Und nachts um drei war es schon herrlich hell, wie morgens um sieben und das Wasser war doch recht frisch und da gab es Leute, die machten ein Feuer an und es gab Leute, die hatten noch einen Wein dabei und als dann die Sonne kam, so ganz gemütlich, wurde es plötzlich wärmer und wärmer und ich weiß nicht mehr, ich glaube, es war halb sechs als wir dann den Weg Richtung nach Hause einschlugen und bis ich dann im Bett lag, sollte es noch drei Stunden dauern, denn Dmitry musste unbedingt auf der vor dem Campus gelegenen Kuhweide Kühe jagen, die schon voll munter waren und wegen den ganzen Kühen bekamen wir Hunger auf Fleisch und beschlossen zu Mc Donalds zu gehen, der aber erst um sieben aufmachte und deswegen standen wir dann auf der Straße rum und der dunkle Morgenasphalt, der in der Sonne glühte, wärmte uns, als zwei zwielichtige Gestalten, die die Nächte wohl besser kannten als die Tage, so mit Fünftagebart und Holzfällerhemden uns ansprachen und darauf bestanden, dass wir mit denen noch ein Bier trinken, was ich eigentlich gar nicht wollte aber dann doch besser war als überhaupt nichts zu essen. Ja, das war ein Morgen. Da fällt man verirrten Leuten in die Arme und die reden dann so komisches Zeug, dass man mehr Vaterland braucht und so lauter nationalistisches Zeug, das man eigentlich mit fünf Tonnen schweren Diskussionen plattwalzen müsste aber die Uhrzeit war nicht der richtige Zeitpunkt dafür und wir bedankten uns artig für die Kurzweile mit einem gebrochenem Schwedisch, das nur Einwanderer können und schlugen uns durch zum McDonalds, der dann endlich schon aufgemacht hatte und dann doch nur ein Frühstück servierte. Kein Rindfleisch zwischen delikaten Brötchenhäften, sondern Schinken, Ei und O-Saft.
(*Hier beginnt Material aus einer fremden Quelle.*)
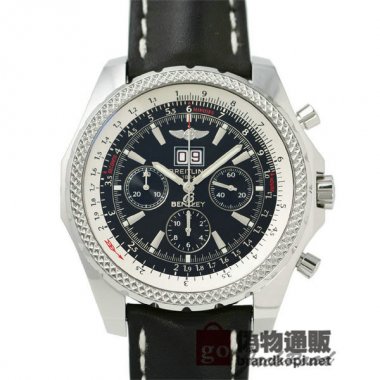 BREITLING ブライトリング 時計 ベントレー 6.75【A442B28KBD】 Bentley 6.75【A442B2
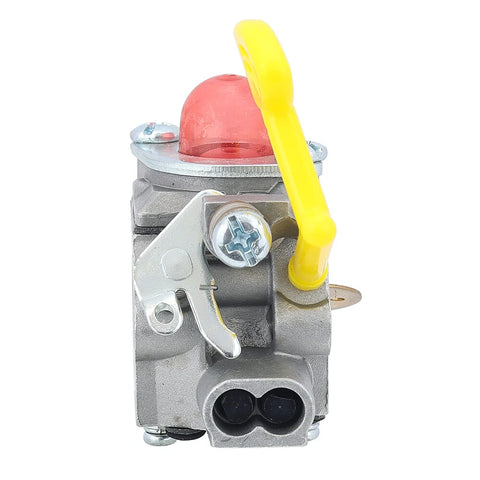 Carburetor For Poulan BVM200VS PPB430VS Pro Leaf Blower 545081831 Carb fuel line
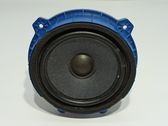 Altavoz de la puerta trasera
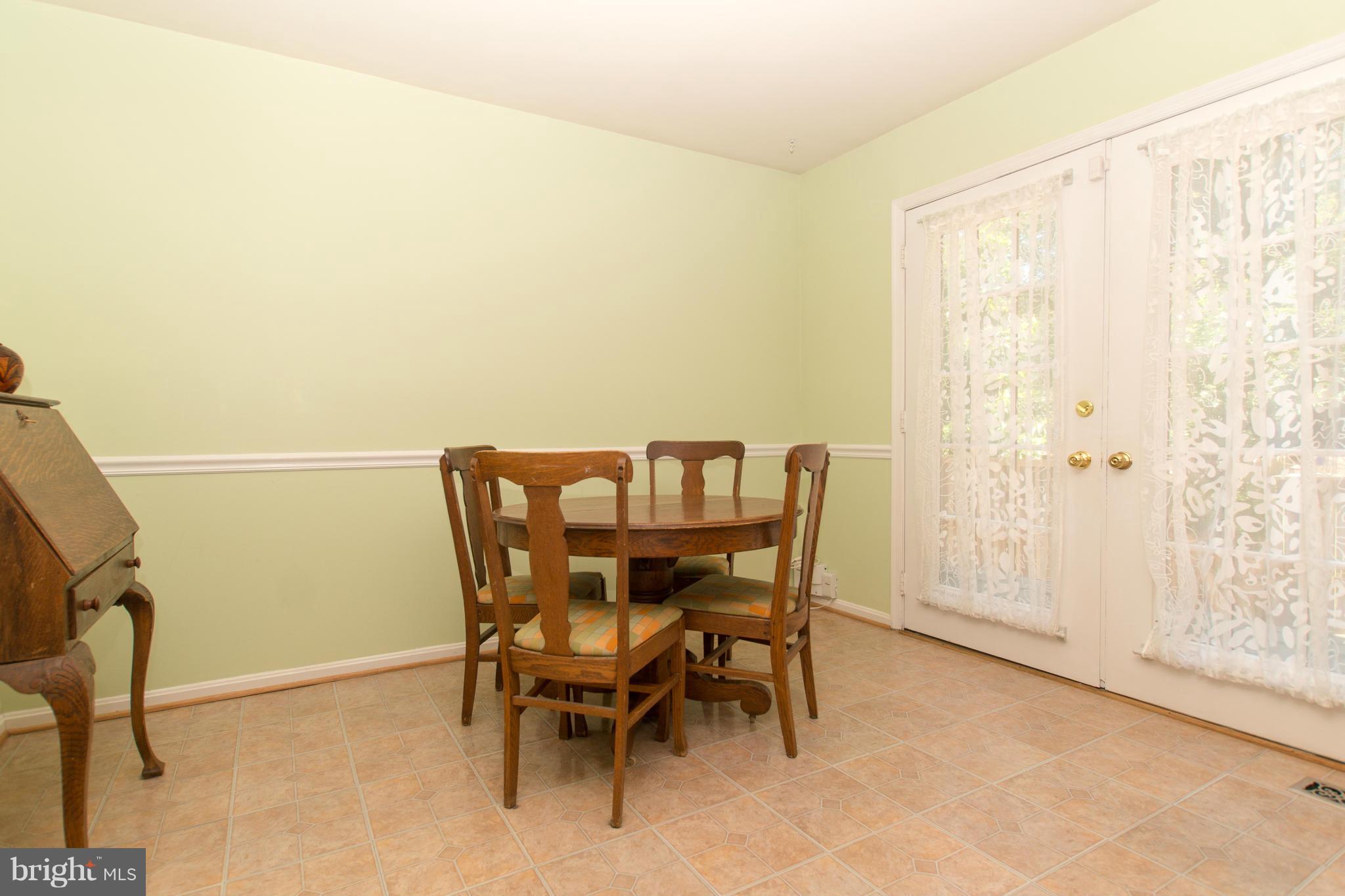 WOODLYNNE COMMUNITY - Residential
Und dann den Bus am Morgen zu Pejs WG, wo ich mich einquartiert habe und um neun oder so im Bett und um drei nachmittags aufgestanden und gleich wieder zum See, denn die Sonne brannte am Himmel und es ist ja auch fast egal, wo man wohnt, so Wasser zum Baden und Schwimmen erreicht man immer zu Fuß. Das ist unglaublicher Luxus in dieser Stadt. Den ganzen Tag verbrachten wir am Wasser, den Abend in Pejs WG zusammen mit James und Mariu und wir spielten Carcarsonne und als ich dann meinen letzten Bus nach Hause verpasste, blieb ich noch eine Nacht länger und wie das so ist mit hellen Nächten, machten wir uns halb zwei wieder auf den Weg Richtung Wasser, denn nebenan gab es ein Freibadbecken. Es ist ein Becken für kleine Kinder, Nichtschwimmer und Leute mit Handicap, das tagsüber nichts kostet aber nachts geschlossen ist. Den Bauzaun drumherum brauchten wir erst gar nicht aufzuhebeln, der war schon offen, denn wir waren nicht die einzigen dort.
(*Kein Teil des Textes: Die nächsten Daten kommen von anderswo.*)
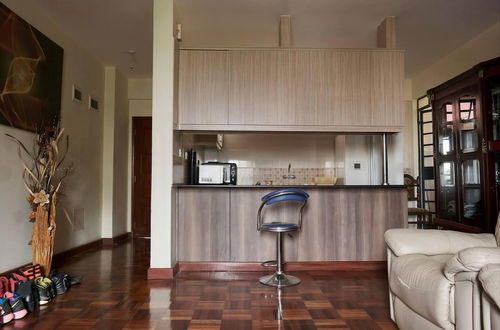 Photo 11 - Captivating 1-bed Furnished Apartment in Nairobi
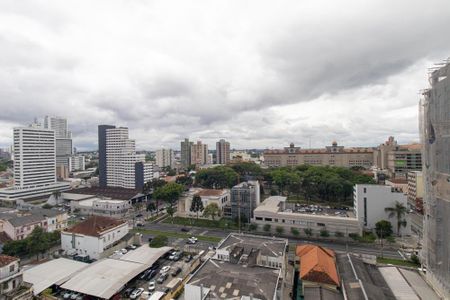 Studio para alugar com 22m², 1 quarto e sem vaga Studio para alugar com 22m², 1 quarto e sem vagaVista do Terraço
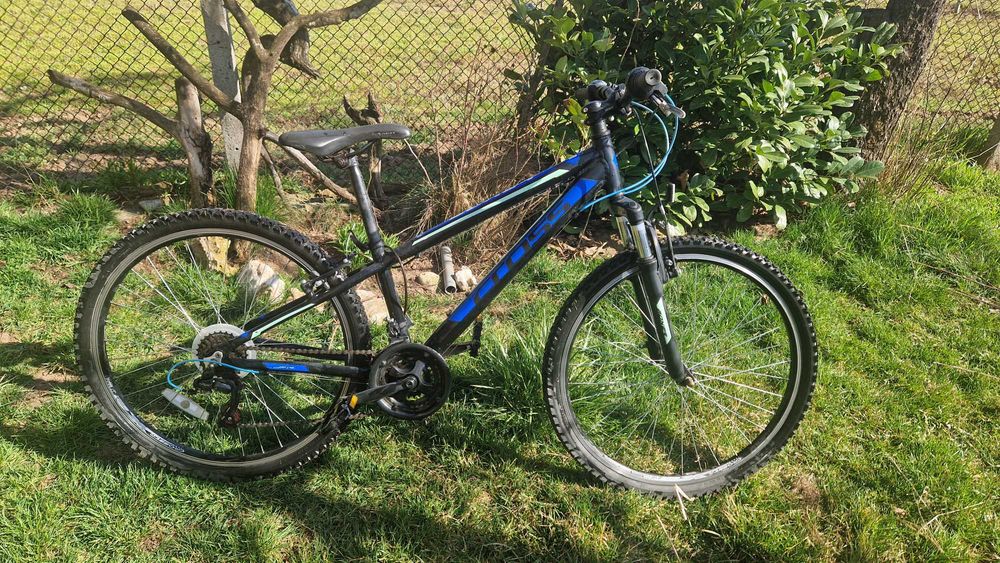 Детско колело Крос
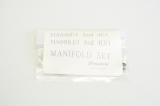 HUMPHREY HA040E1-PSL HA040E1PSL 3 24VDC 5-103 Elektro Magnetventil OVP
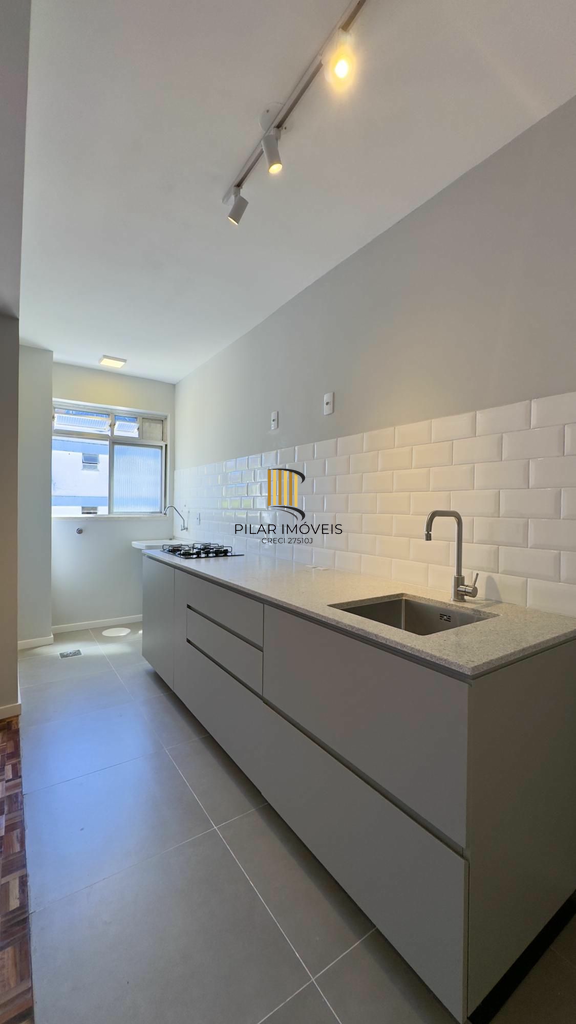 Apartamento 1 dormitório no bairro Centro Histórico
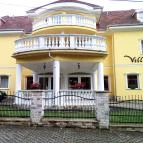 Hotel Villa Park Szilvásvárad - Külső kép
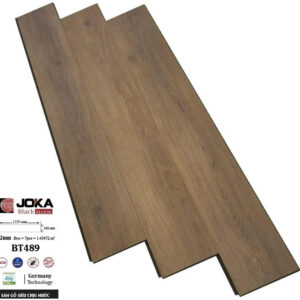 Sàn gỗ cốt đen Joka BT489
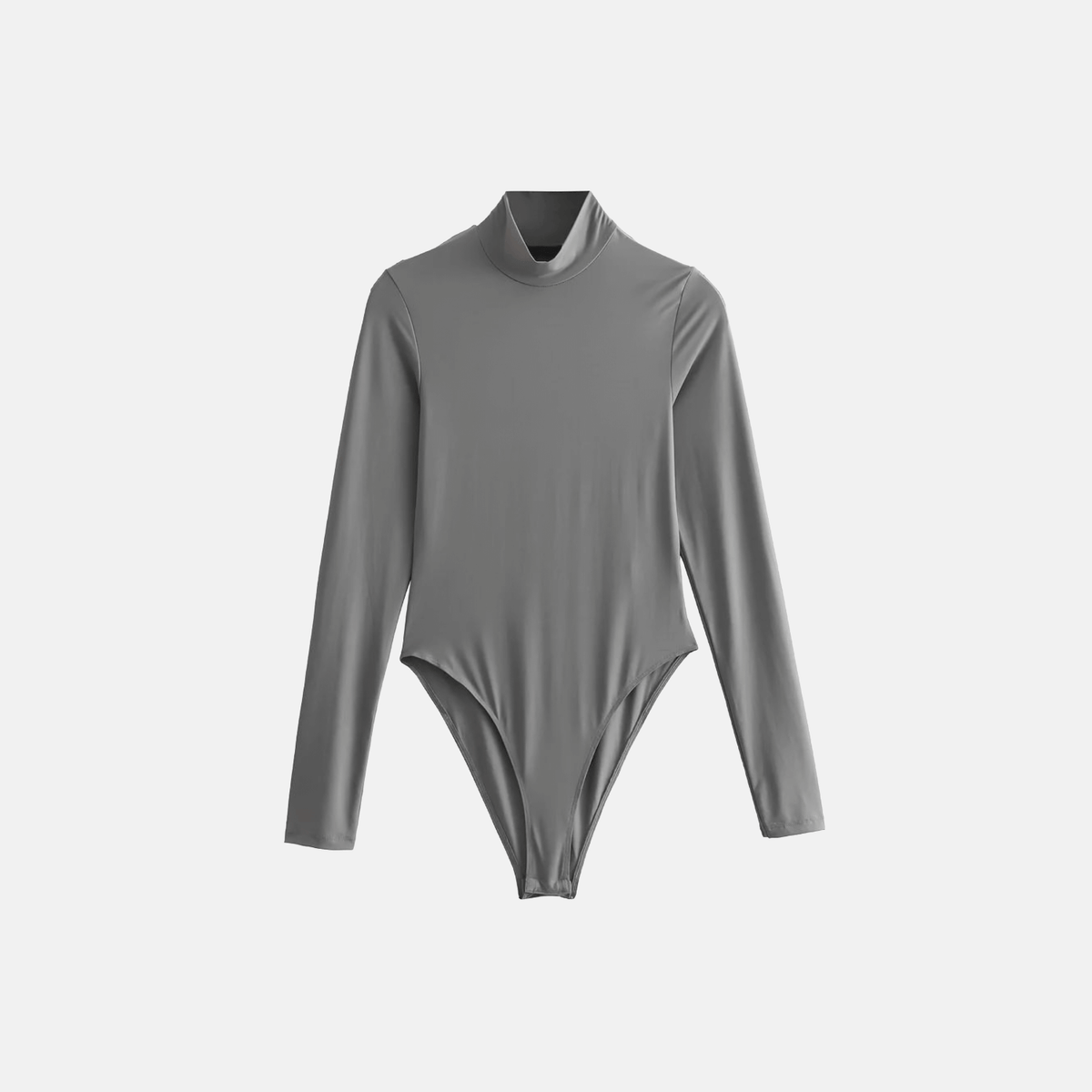 Body Manches Longues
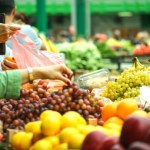 Ile kosztują warzywa i owoce? Takie ceny we wrześniu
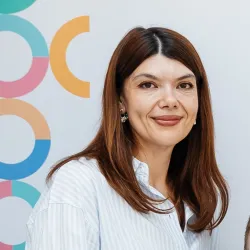 Фотография репетитора Королева Яна Васильевна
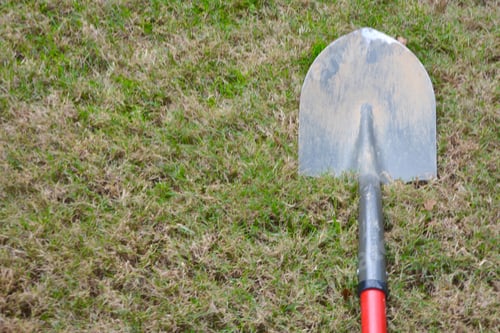 Preview: Yard work tools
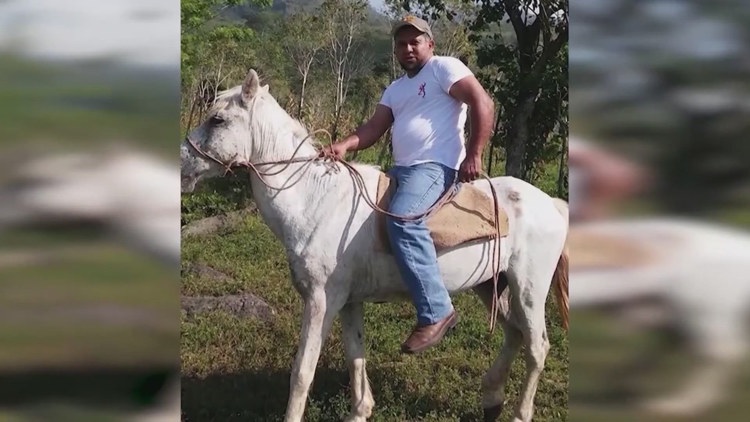 Federal appeals court upholds FBI shooting ruling but delivers setback to Houston-area family — KHOU 11 (Houston), Orono Community news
Etwa 10 Schweden, die von einer benachbarten Party kamen, lungerten im tagsüber vom Sonnenlicht vorgeheizten Wasser und wir gesellten uns dazu und wollten ein wenig mit denen ins Gespräch kommen, aber die blieben unter sich, wie immer. Und wir unter uns. Was ich Schade fand, aber der schwedische Charakter zeichnet sich manchmal durch eine hartnäckige Zusammengehörigkeitsverweigerung aus: bleibt ihr mal unter euch und wir bleiben unter uns, wir können ein paar Worte wechseln und uns unterhalten und wenn wir uns gut verstehen auch Handynummern tauschen. Aber wenn ihr nach Hause geht, werden wir uns nicht mehr melden. Es ist wirklich schwierig, dauerhafte Kontakte zu Schweden zu knüpfen. Da braucht man viel Geduld für.
Am nächsten Tag stand ich sehr früh auf, nahm den Bus um elf vormittags nach Hause und bereitete mich und mein Zimmer auf Besuch vor, denn meine Mama sollte ich an diesem Tag vom Flughafen abholen. Sie wollte sich überzeugen, ob ich mich auch in fremden Ländern gut benehme.